Par M.K. Bhadrakumar – Le 29 janvier 2024 – Source Indian punchline
Il existe un vieux proverbe qui dit qu’un malheur n’arrive jamais seul. S’ajoutant aux informations selon lesquelles des soldats américains seraient tombés comme des quilles lors d’une frappe de drone contre la station ultra-secrète de la CIA chargée du renseignement et des opérations secrètes à la frontière syro-jordanienne, « nyet » est le mot que Pékin adresse aux instances de l’administration Biden pour sa demande de faire passer le message à Téhéran de maîtriser les Houthis du Yémen, dans le contexte inquiétant de l’Axe de la Résistance qui étend ses opérations contre les intérêts américains et israéliens.
Le président Biden a chargé son conseiller à la sécurité nationale, Jake Sullivan, de gérer cette mission très délicate avec Pékin, à la place du plus haut diplomate américain, Antony Blinken. Sullivan est particulièrement bien placé pour alterner les rôles entre la politique intérieure et la politique étrangère des États-Unis. C’est un homme de confiance du président et est activement impliqué dans la campagne de réélection de Biden.

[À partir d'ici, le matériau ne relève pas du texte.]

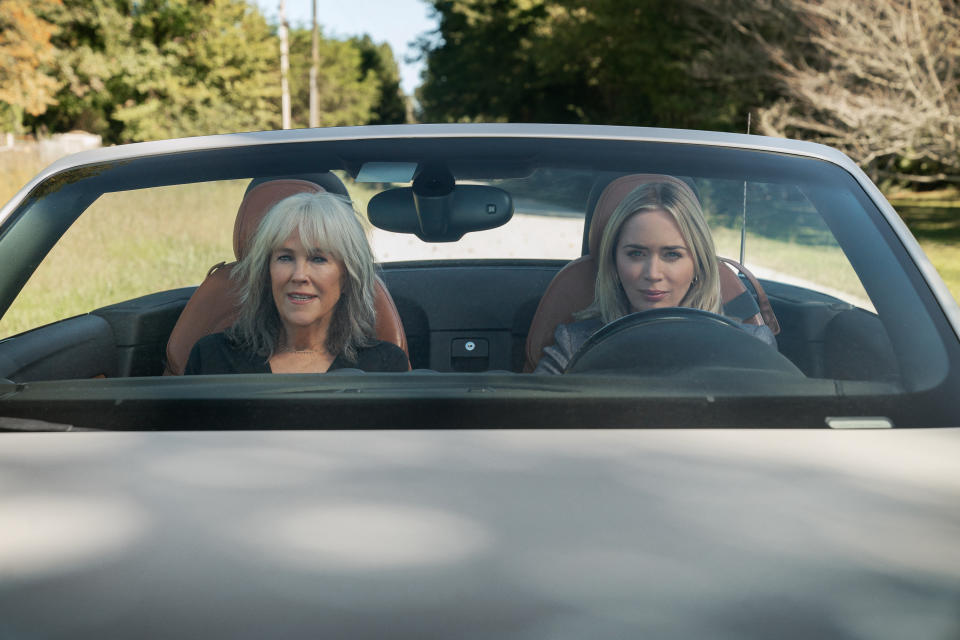 (L to R) Catherine O'Hara as Jackie and Emily Blunt as Liza in Pain Hustlers. (Brian Douglas/Netflix)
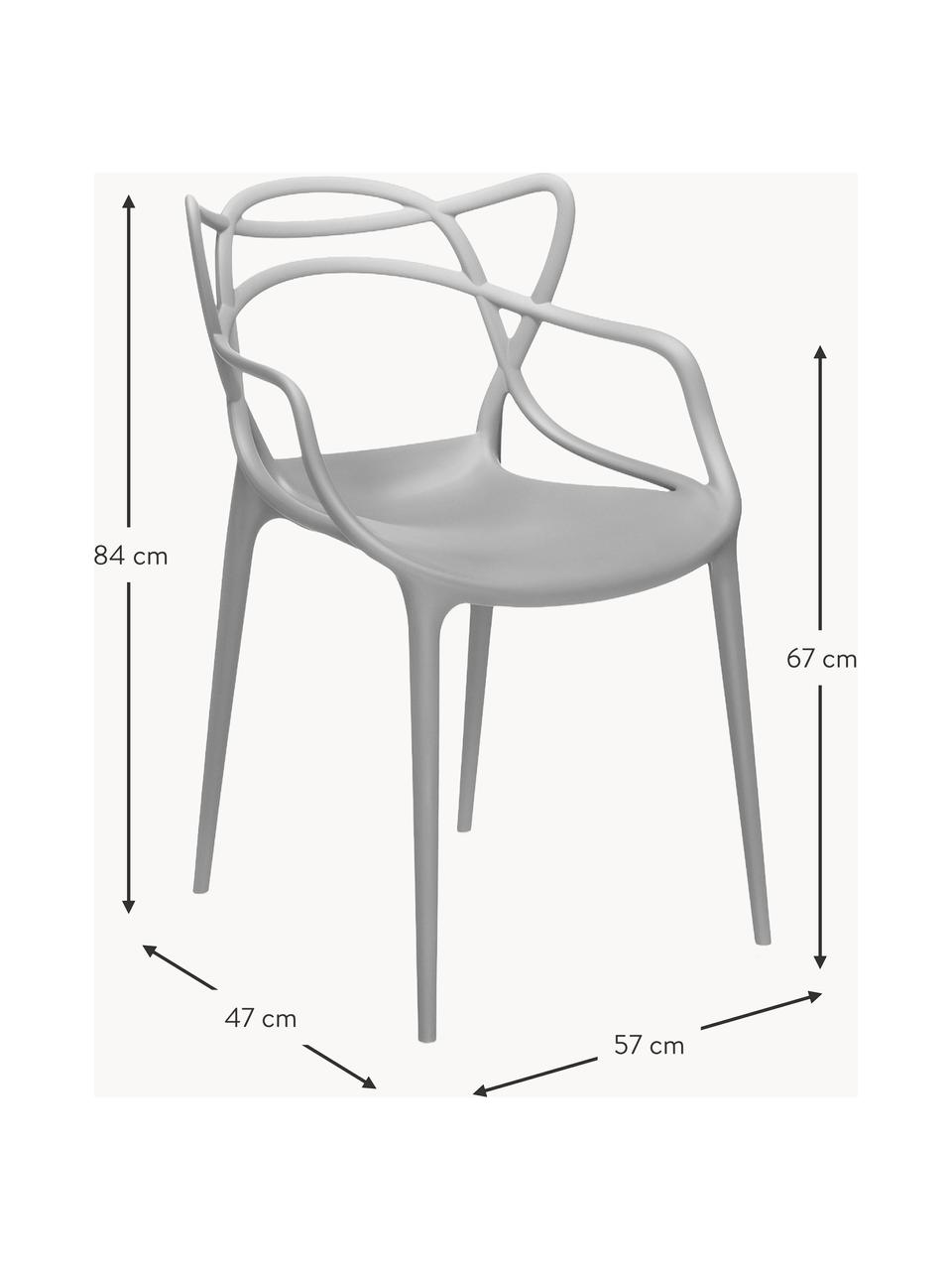Krzesło z podłokietnikami Masters, 2 szt., Polipropylen, Szary, S 57 x G 47 cm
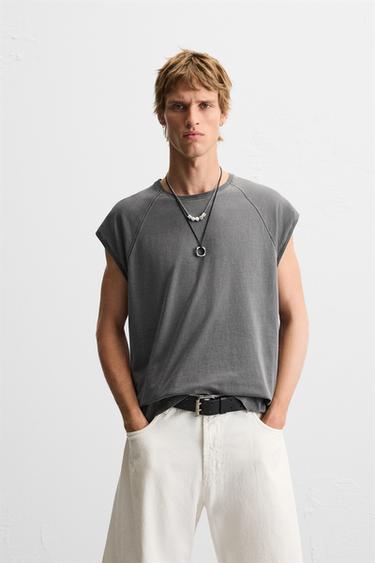 TANK KAMISETA, RELAXED FIT - Antrazita iluna, Zara-rena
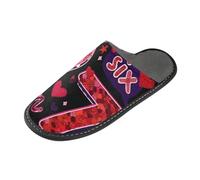 ISAOA Pantofole antiscivolo lavabili e riutilizzabili, pantofole da donna con suola imbottita, Six Seven Love Home Indoor Guest Hotel Party Slipper, Multi, 40.5/41 EU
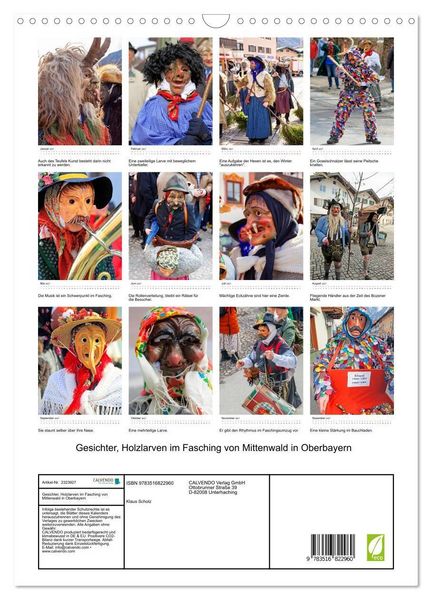 Produktbild: Gesichter, Holzlarven im Fasching von Mittenwald in Oberbayern (Wandkalender 2027 DIN A3 hoch), CALVENDO Monatskalender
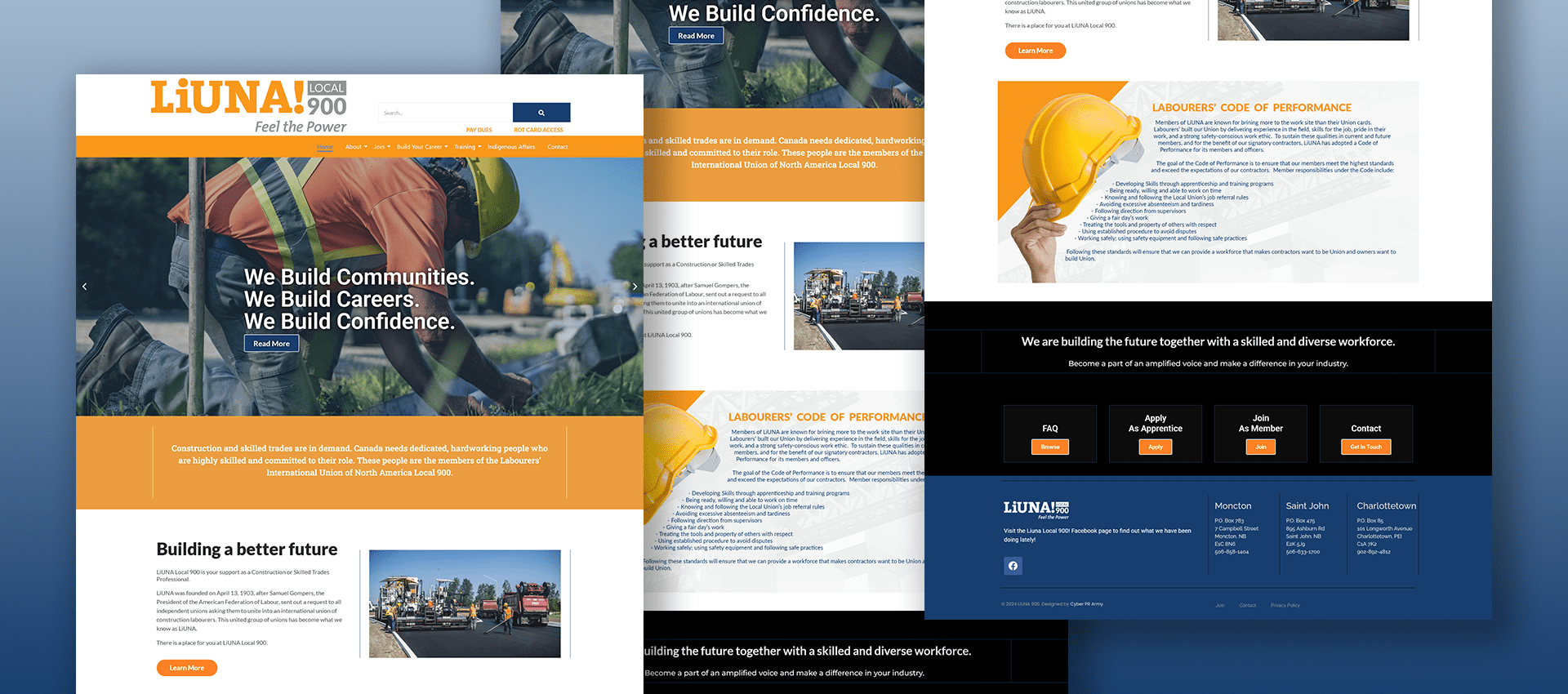 LiUNA Local 900 collage of website pages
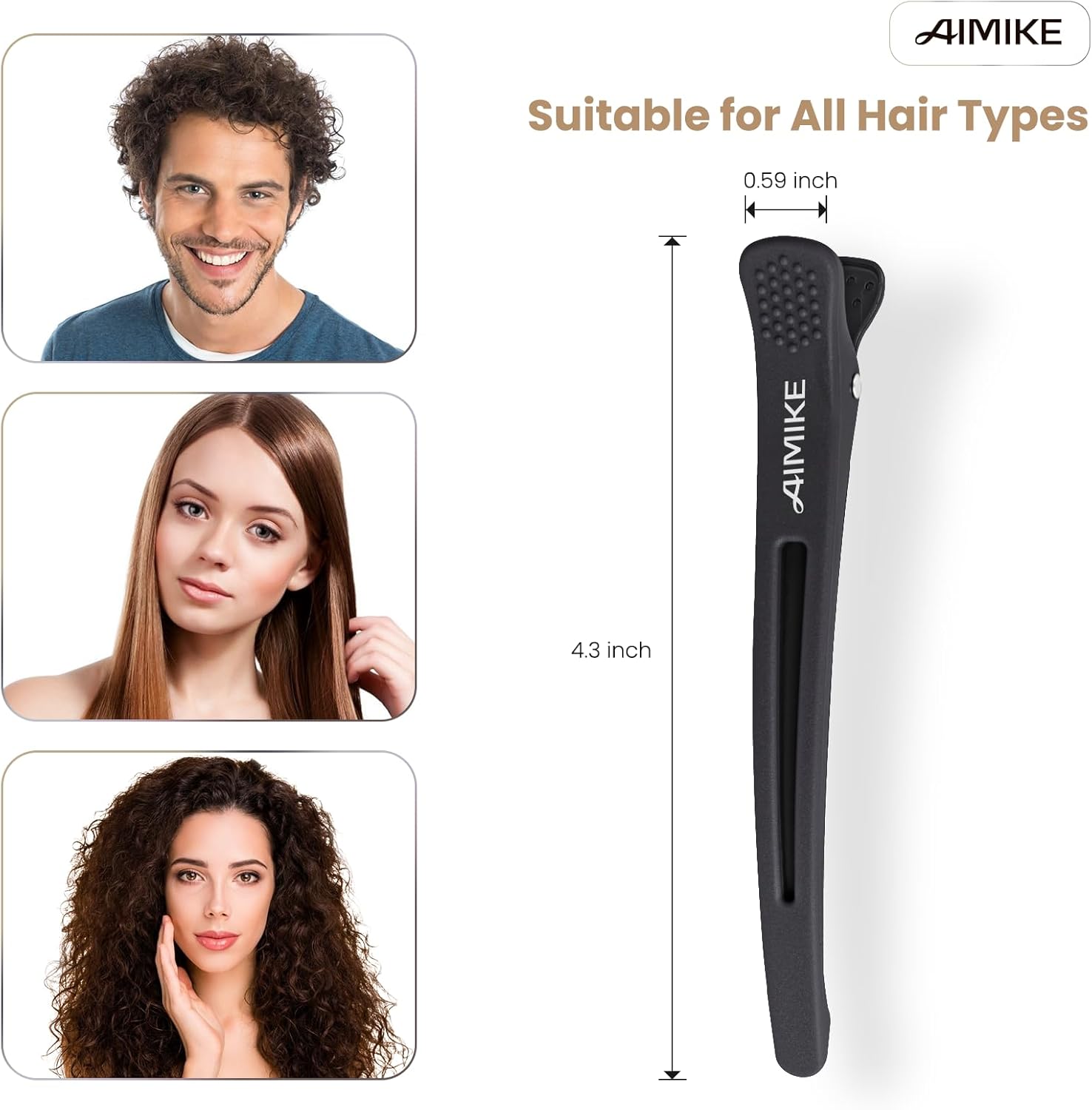 AIMIKE - pinces crocodile coiffeur - lot de 6 - antidérapantes, sans trace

Sullivan a passé la nuit en Thaïlande vendredi/samedi pour lancer son offensive de charme auprès du ministre des Affaires étrangères Wang Yi. Mais il est reparti sans aucun signe indiquant que la Chine serait prête à user de son influence auprès de Téhéran.
Plus tard, une conférence de presse télévisuelle, faite par un haut responsable du NSC, a été organisée à la hâte par la Maison Blanche pour couvrir les arrières de Sullivan. Cela m’a fait comprendre que la lecture des feuilles de thé chinoises est un art en soi. Comme l’a dit le responsable du NSC, « Pékin dit qu’ils aborderont ce sujet avec les Iraniens… mais nous allons certainement attendre avant de commenter davantage sur l’efficacité avec laquelle nous pensons qu’ils mèneront cette affaire ».
Sullivan semble s’être heurté à un mur de briques. C’est curieux, car l’administration Biden aurait dû tirer les leçons de son expérience antérieure avec Pékin lorsqu’elle a essayé d’inciter la Chine à convaincre son proche allié, la Corée du Nord, de réduire son programme d’armes nucléaires ou de revenir sur son amitié « sans limites » avec la Russie à propos de l’Ukraine.
En fait, l’armée sud-coréenne a déclaré dimanche que la Corée du Nord avait tiré plusieurs missiles de croisière, prolongeant ainsi une série d’essais d’armes qui aggravent les tensions avec les États-Unis et reflètent les efforts de Pyongyang pour étendre son arsenal d’armes conçues pour submerger des cibles américaines éloignées dans le Pacifique, notamment Guam !
De toute évidence, l’administration Biden n’a pas compris que Pékin ne se sentait pas obligée d’utiliser son influence sur Pyongyang pour servir les intérêts américains. Il est tout à fait naïf de s’attendre à ce que Pékin se laisse prendre à un engagement sélectif sur des questions visant à donner au président la possibilité de donner le meilleur de lui-même lors des prochaines élections de novembre.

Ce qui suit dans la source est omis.